High school millions may come from trust

The £49 million needed to build the new Anderson High School is more likely to come from Shetland Charitable Trust than the SIC’s own reserves, following a decision yesterday.

The services committee voted to tell the full council it favours doing a deal with the charitable trust’s property company Slap to sell the school to it and pay the money back over 30 years at a rate of around £3.2m a year.

Work is due to start on site at the end of June if planning permission is granted at a special meeting on 15th June. The summer holidays will be used for demolition, site preparation and building temporary classrooms for social space and PE.
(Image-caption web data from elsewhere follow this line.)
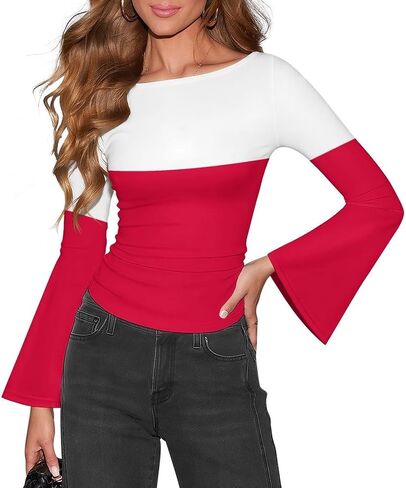Women's Long Sleeve Cameroon Flag Basic T-Shirt Solid Color Soft Comfy Casual Fall Shirts for Women Tops in Kuwait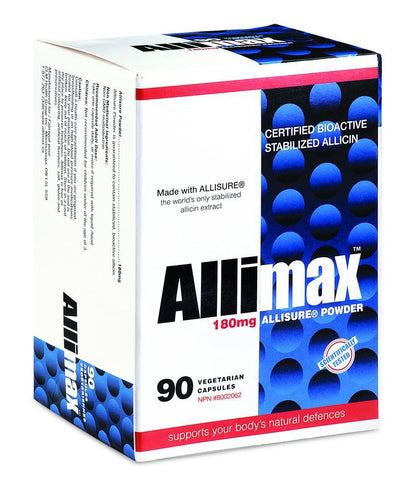Allimax Allisure Powder 180g - 90vcaps - Health & Body Nutrition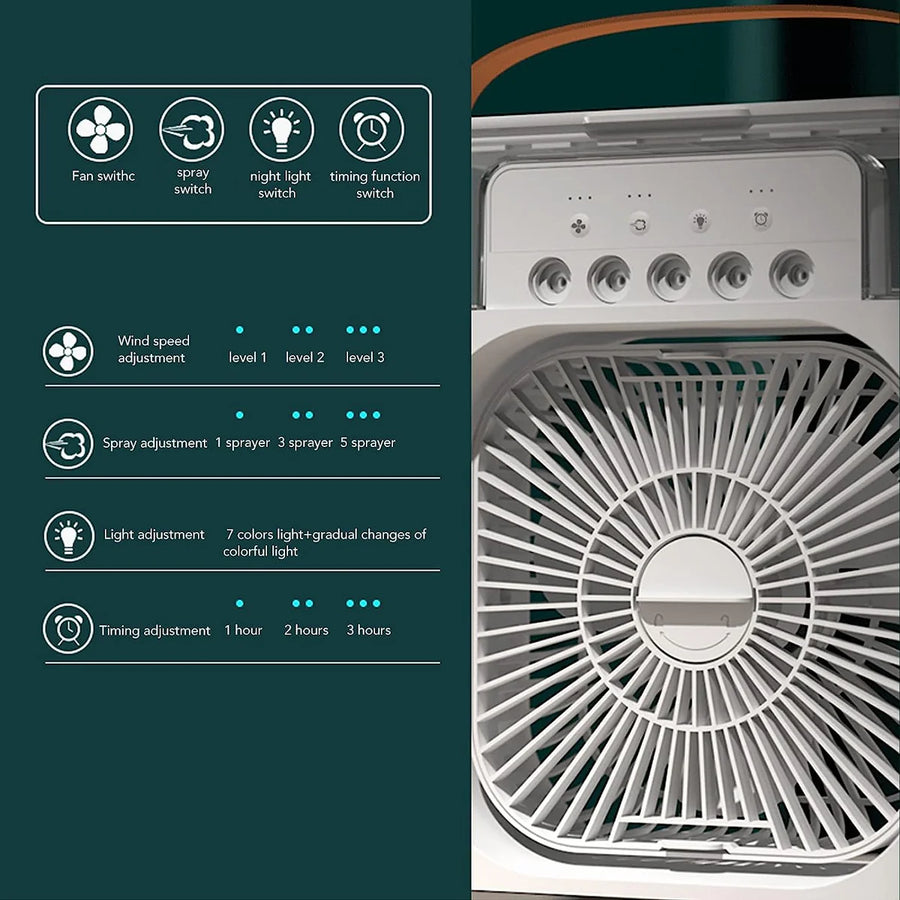 Mini Portable Air Conditioner With Water Spray
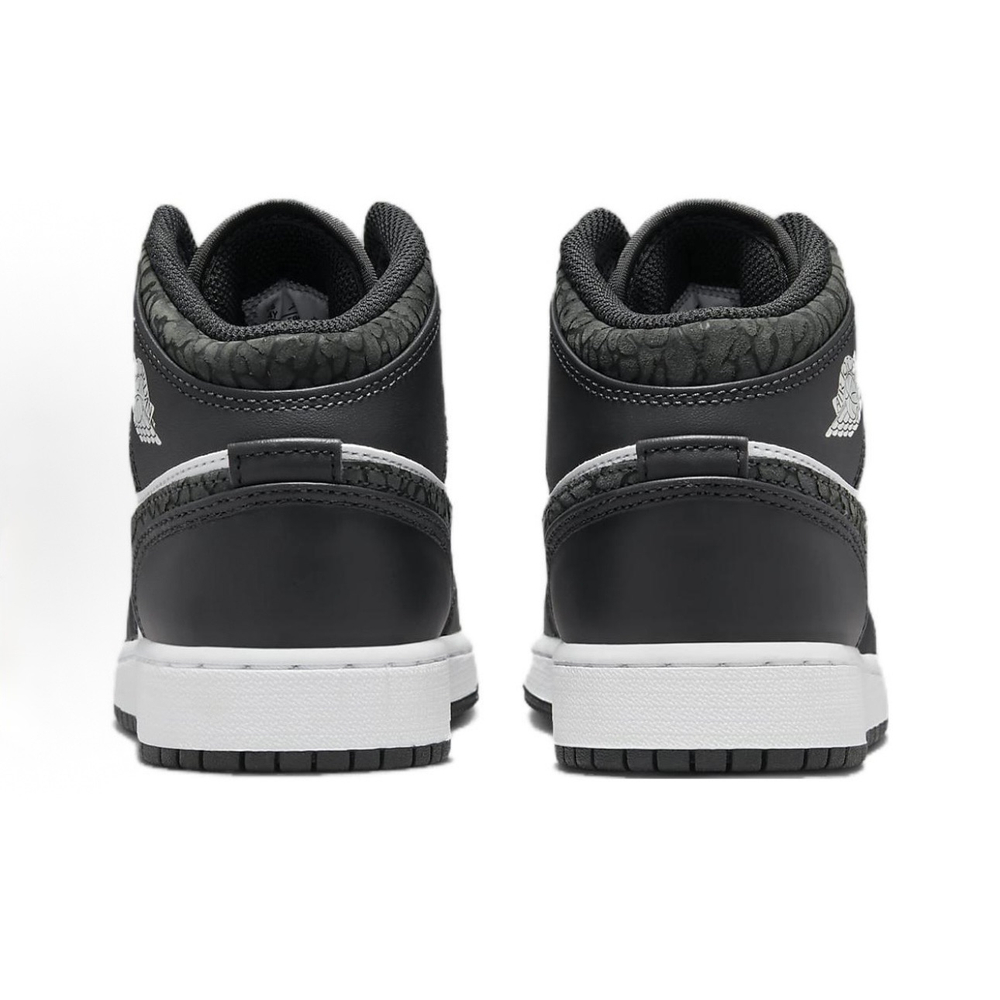 Air Jordan 1 Mid GS Panda Elephant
Any deal involving Slap will only be implemented once the school has been completed, probably around 2013. Because there is no hurry to commit, the council will keep all options open in case a more attractive scenario emerges. One slim hope is that a new government funding scheme, the Scottish Futures Trust, might turn out to be a contender to source funds from.
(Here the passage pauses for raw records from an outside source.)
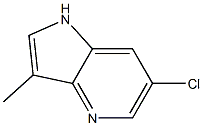 6-chloro-3-methyl-1H-pyrrolo[3,2-b]pyridine 结构式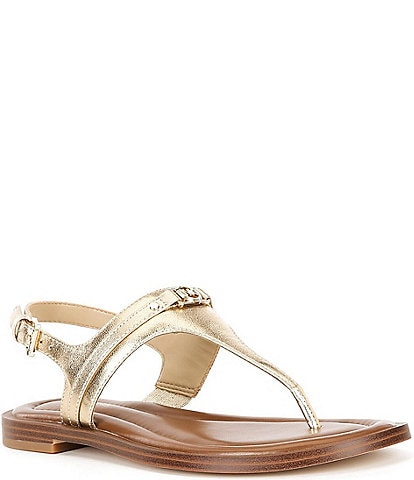 Michael Kors Mandy Leather Thong Sandals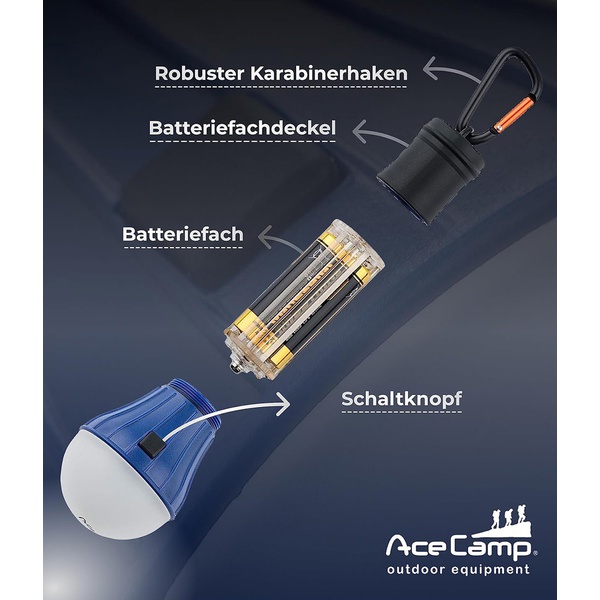 Фонарик-лампочка AceCamp LED Tent Lamp Blue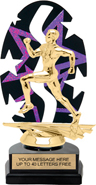 Purple Star Rhythm Backdrop Trophy [8 inch]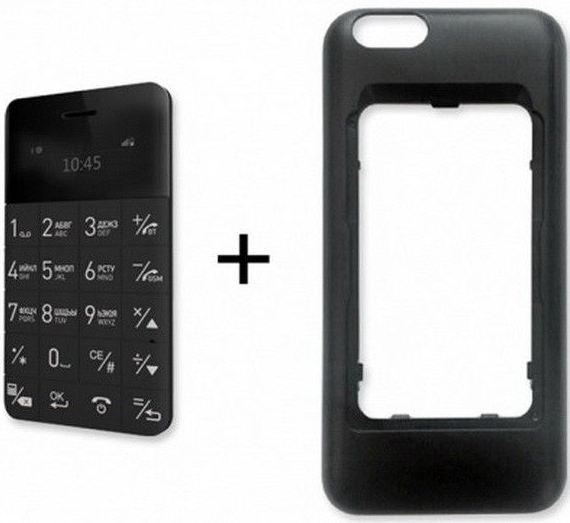 ELARI CardPhone Case for iPhone 6 Plus Black (LR-CS6PL-BLCK) - ITMag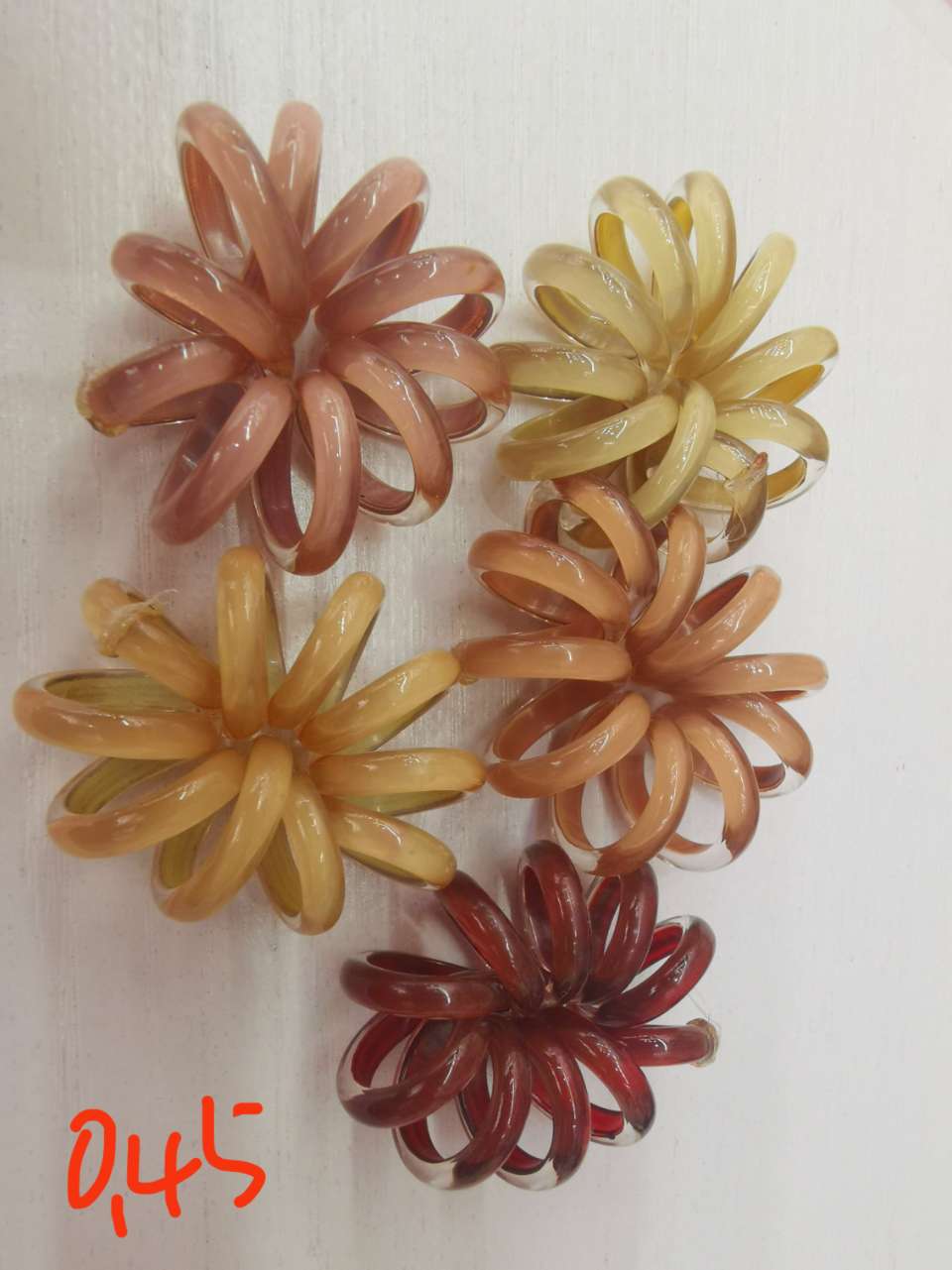 混款高弹力加粗手环扎头发气质发饰混款混色100个一包，气质好详情图1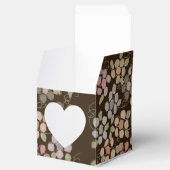 Mooie Bloemen Papier Hart Chocolade Favoriete Doos Bedankdoosjes (Geopend)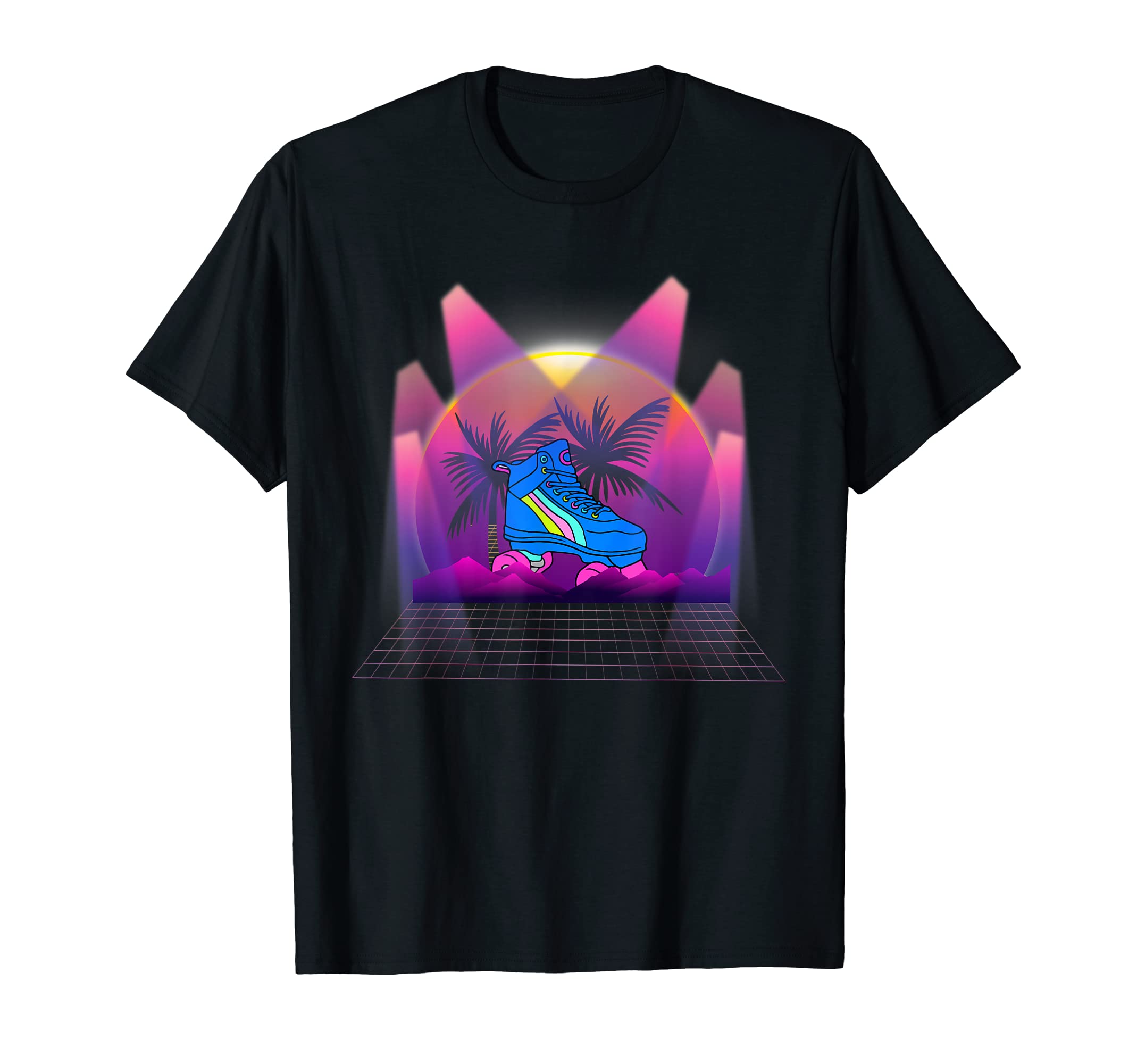 Roller Skates Vaporwave 80S Disco 70S T-Shirt - Custom Art Print Men Women - T-Shirt, Sweatshirt, Hoodie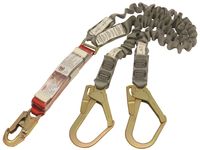 Protecta Shock Absorbing Elasticated Webbing Lanyard, Double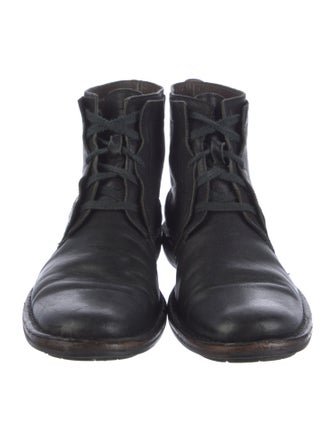 John Varvatos Leather Lace-Up Boots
SIC head of finance Graham Johnston is to provide a report in July on the consequences for SIC funds if it was to pay for the school itself, breaching the previously sacred £250m floor on its reserves.

“The cost in the long run isn’t going to be a great deal different whichever way you go,” Mr Johnson told councillors yesterday.

In a report he outlined some of the advantages of opting for a deal with Slap: “It recognises the extraordinary size of the investment required and provides a special means of spreading the cost of that investment with the minimum need for modifying the council’s financial policy framework. It does, however, represent the biggest change in the council’s financial approach since it went debt free in 1992. It is not a change to make lightly.”